## Important Notation

Scientific notation, while often confusing and frustrating initially, is very useful in helping to convey complex ideas in a compact and precise manner. The table below contains scientific notations relevant to the previous tutorial on central tendency and this one on variability.

We will be using the following notation in this class:

Symbol | meaning |
---|---|

\(y\) | Dependent Variable |

\(x\) | Independent Variable |

\(N\) | Population size |

\(n\) | Sample size |

\(\Sigma\) | Sum of |

\(\mu\) | Population mean |

\(M\) | sample mean (also often \(\bar{x}\)) |

\(M_w\) | Weighted mean (or \(\bar{x}_w\) ) |

\(IQR\) | Interquartile range |

\(\sigma^2\) | Population variance |

\(s^2\) | sample variance |

\(\sigma\) | Population standard deviation |

\(s\) | sample standard deviation |

## Range

#### GRE scores for two classes with the same mean (151.3) and same range (40):

We need some way to quantify the variability of the scores in distributions that reflects all scores and is sensitive to outliers. We already have a single score for the average or “typical” score - the mean. Ideally, we want a single number that represents the typical variation from the mean.

## Range

The range is the simplest way to describe variability or how scores are dispersed across possible values. The range is the difference between the highest and lowest values in the variable.

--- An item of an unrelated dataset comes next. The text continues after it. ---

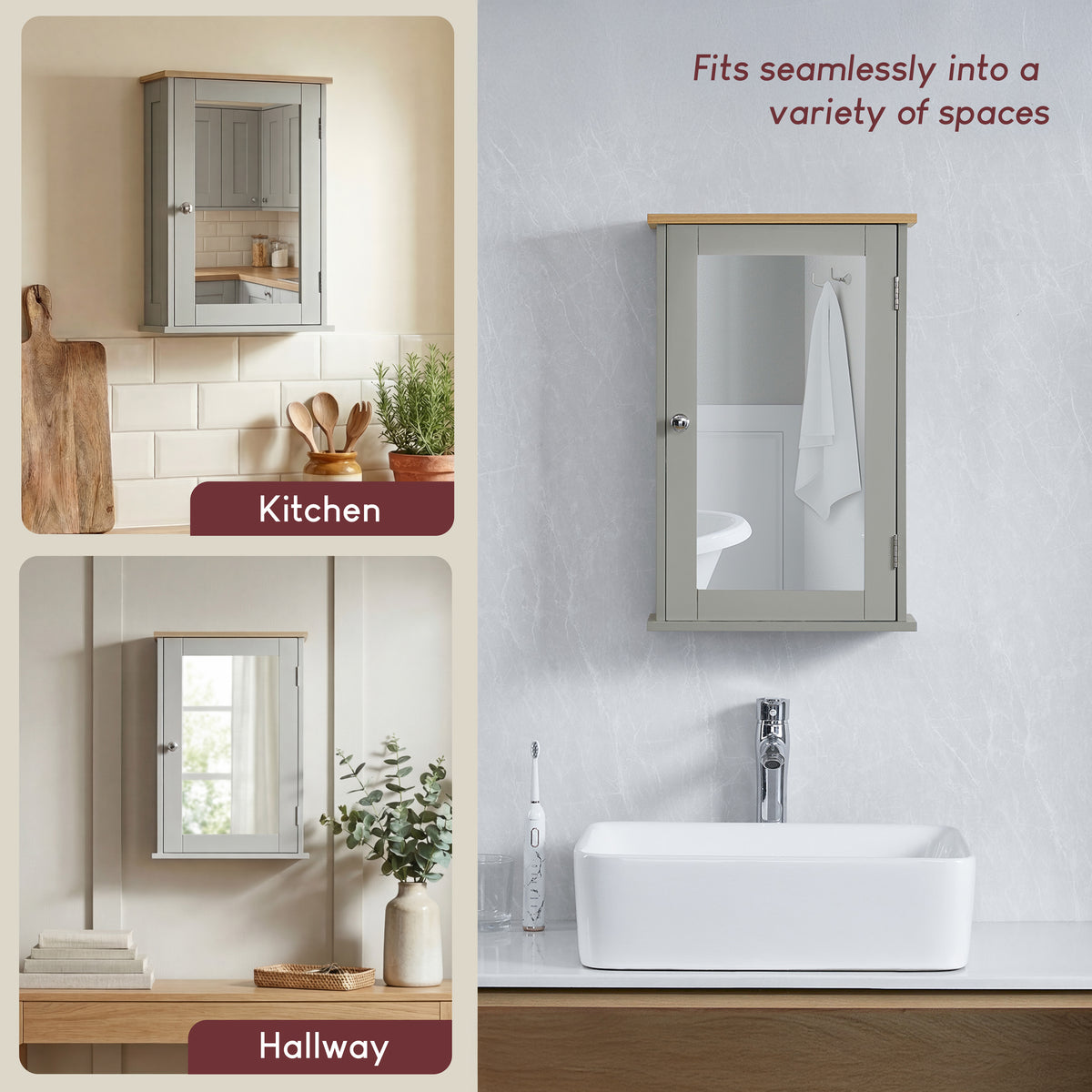 Priano 1-Door Mirrored Wall Cabinet, Grey & Oak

` Range = Highest - Lowest`

The range is useful for identifying outliers. But it is also very sensitive to outliers. If one value is drastically different for the others, the range can be misleading. For example, see the histogram of GRE scores above. This makes a major limitation of the range apparent: it is based on only two of the scores in the variable.

## Quantiles

Quantiles are a set of values in a variable that divide it into equal groups. The most common is quartiles, which divide a variable into four equal parts, so that there are the same number of scores in each quartile. The lower or first quartile separates the lower 25% of the scores from the upper 75%, the second or median quartile – which is the median value – separates the lower and upper 50%, and the third or upper quartile separates the lower 75% from the upper 25%. These three quartiles separate the variable into 4 equal parts.

## Variance

The variance is a very important measure of variability. It is also closely related to the standard deviation, which we talk about next.

### Deviance

We can calculate the distance between the mean and each score. These distances are called deviations. Each score has a deviation. I have plotted the histogram of the deviations for each of the two classes GRE scores below.

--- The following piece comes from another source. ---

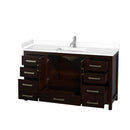 Sheffield 60" Free Standing Single Basin Vanity Set with Cabinet and Cultured Marble Vanity Top - image 14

We might think to just take the mean of the deviations as a measure of the average or “typical” distance from the mean for each set of scores. But, the mean deviation for the first score is 0 and the mean deviation for the second set is 0. This is because, being a measure of central tendency, the mean is in the middle, and the positive distances of scores above the mean cancel out the negative distances below the mean.

We could take the mean of the absolute values of the deviations, but a more ingenious solution is to square the deviations.

This does two things:

- Squaring takes care of the problem of the deviations summing to 0, as all the squared deviations will be positive. Remember, positive times a positive is a positive, but a negative times a negative is also a positive.
- Summing the squared deviations is a minimal number. Explaining this would take use too far afield. Suffice it to say, the sum of the squared deviations is more influenced by scores further from the mean, making the variance sensitive to outliers

The sum of the squared deviations is often referred to simply as the “sum of squares”, and symbolized as \(SS\). The sum of squares is not very meaningful by itself, so we often calculate the mean squared deviation, by dividing the \(SS\) by \(N\). This give us the population variance:

\[ \sigma^2 = \frac{SS}{N} = \frac{\Sigma(x - \mu)^2}{N} \]

The sample variance is calculated in a similar way:

\[ s^2 = \frac{\Sigma{(x - M)^2}}{n - 1} \]

### Comparing formulae for mean and variance

\[ \mu = \frac{\Sigma x}{N}, \quad \sigma^2 = \frac{\Sigma(x - \mu)^2}{N}. \]

Comparing the formulae for the mean and variance makes clear that the variance is the mean squared deviation.

## Standard Deviation

If the variance is the mean squared distance from the mean, then taking the square root of the variance gives us the mean, or average, distance from the mean.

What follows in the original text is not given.